The average, expected, cash-on-cash return for a hotel investment increased by nearly 1% in 2014. PKFC called it yet another indication of strong income growth expectations, which helps explain the slight increase in the equity yield.
Finally, survey respondents indicated that the average holding period for assets has increased by approximately six months. Smith says, “Many investors are holding on to well-performing assets a little longer.”
One noteworthy aspect of the survey explores hotel investor favorites. It turns out
luxury hotels and boutique properties continue to be underwritten on lower cap rates compared to typical, full-service hotels.
“Owners have greater flexibility with these types of assets when completing a repositioning or value enhancement project,” says Smith. “In addition, these categories are heavily weighted by properties located in gateway cities such as New York and San Francisco.”
Depending on the age of the asset, capitalization rates for full-service hotels continue to vary widely, according to the report. Full-service hotels less than 15 years old had an average cap rate of 80 basis points less than hotels 16 years or older. Limited-service cap rates follow a similar trend with regards to the age of the asset.
PKFC concludes lenders also appear to be bullish on the near-term outlook for the lodging industry and continue to demonstrate increasing confidence by providing debt for hotel acquisitions and refinancing. Debt service coverage ratios remained below pre-recession levels, while loan-to-value ratios increased 281 basis points compared to last year.

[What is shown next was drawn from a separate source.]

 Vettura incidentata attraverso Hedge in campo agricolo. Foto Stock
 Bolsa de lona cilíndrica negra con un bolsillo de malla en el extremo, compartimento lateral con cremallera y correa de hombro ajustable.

“We did notice a slight uptick in interest rates, however, on average they remain below six percent. Rates for limited-service hotels were slightly higher than those for full-service properties.” There was little change in the amortization period, but the loan term -- or year of balloon payment—increased by more than one year, demonstrating the enhanced confidence of lenders,” says Smith.
“The convergence of positive operating fundamentals and a favorable financing environment makes this an exceptional time for all participants in the US lodging industry. Current owners are benefiting from strong returns and rising values. Meanwhile, new investors are able to take advantage of favorable financing terms, and the potential for NOI growth in the near-term.”